For what it’s worth, I disagree with this approach; I think the point of Laurentiu should have encouraged the Oireachtas to take its constitutional responsibilities more seriously and simply making the problem go away by declaring that the orders should be treated as if they were legislation in the first place. That’s primarily a political and democratic-institutions point but there were some good (but unsuccessful) legal arguments made in Leontjava that the Court could strike down the supposed corrective measures; indeed, the High Court said so, and the State brought in new legislation in the gap between the High Court and Supreme Court decisions! This article by Rossa Fanning of UCD (PDF) explores the decision in more detail – but I stress that there is no question that the Oireachtas can legislative this way on this occasion. Whether they should is a different question…

2. Privatisation – not an emergency

There are further, serious concerns about things that are included in the Bill that have absolutely no connection with the constitutional issue.

For example, section 7 provides that various changes be made to the orders governing the 1961 Bodies (which are now to be considered as in the position of statutes!). In general, the changes made by the Schedule would replace the Minister with the HSE in various places, and reformulate certain Ministerial approvals as being instead with the HSE’s approval and the consent of the Minister and Minister for Finance. Furthermore, detailed provisions to enable two of the 1961 Bodies (St. James’s Hospital and Beaumont Hospital) to participate in proposed ‘co-location’ arrangements (a particularly controversial matter in the Irish health system). It is wholly inappropriate for these provisions to be included in this Bill in this fashion. It’s also worth noting that the grant of power is quite broad, as follows:

The Board may, with the consent of the Health Service Executive, enter into an agreement with one or more persons for the provision by any person (in this section referred to as the ‘private undertaking’) specified in the agreement, on land vested in the Board, of hospital services that are not paid for primarily out of public moneys.

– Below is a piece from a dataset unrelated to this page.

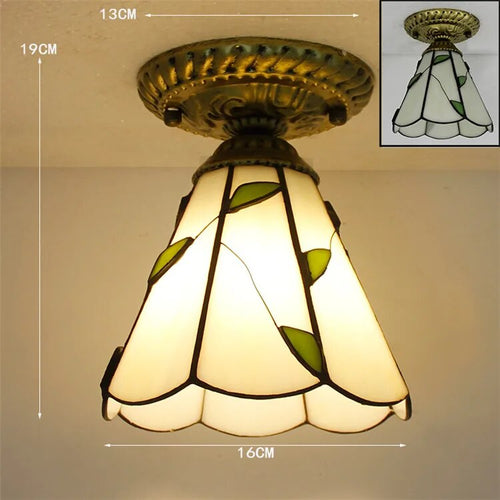 Plafonnier Led en verre créatif moderne avec ampoule 7W E27 - vue 11 sur 30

This, of course, is a broad grant of power and is not limited to current political proposals that carry the cute name of co-location – let us not forget that. There are various other sections in the full page of provisions to facilitate these proposed activities by ‘private undertakings’, setting out the mechanics of such in more (albeit not particularly restrictive) detail.

This element should be debated and introduced separately and there are no constitutional reasons to introduce it alongside the correction of the more general problem with the creation of the 1961 Bodies.

3. And while you’re at it

One one hand, some elements of the Bill are necessary follow-ons from the main issue. For example, section 4 would repeal s 70 of the Health Act 2004 – this section allows for 1961 Bodies to be incorporated into the HEA – this (rightly) should not be possible as these are now ‘statutory’ bodies. Section 8 would allow the Minister to continue to give money to 1961 Bodies (with 2 exceptions where this apparently isn’t planned anyway), s 9 keeps the C&AG involved which is a good thing.

On the other hand, sections 10-19 contain pages of separate and unrelated amendments to the Medical Practitioners Act (which was only passed this year!), and section 20 brings in some more (consequential) in a schedule. Will they get the debate they deserve?

And on top of that we have section 21 that’s apparently fixing a problem with the Health Act 2004 in respect of audits – as best I can work it out someone made a mistake in numbering when providing for tendering in a part of the Health Act 2007 and they may have accidentally messed up the existing provisions. And that’s what they are fixing. I think. All we’re told in the explanatory memo is that it’s a ‘technical amendment’. Thanks, lads.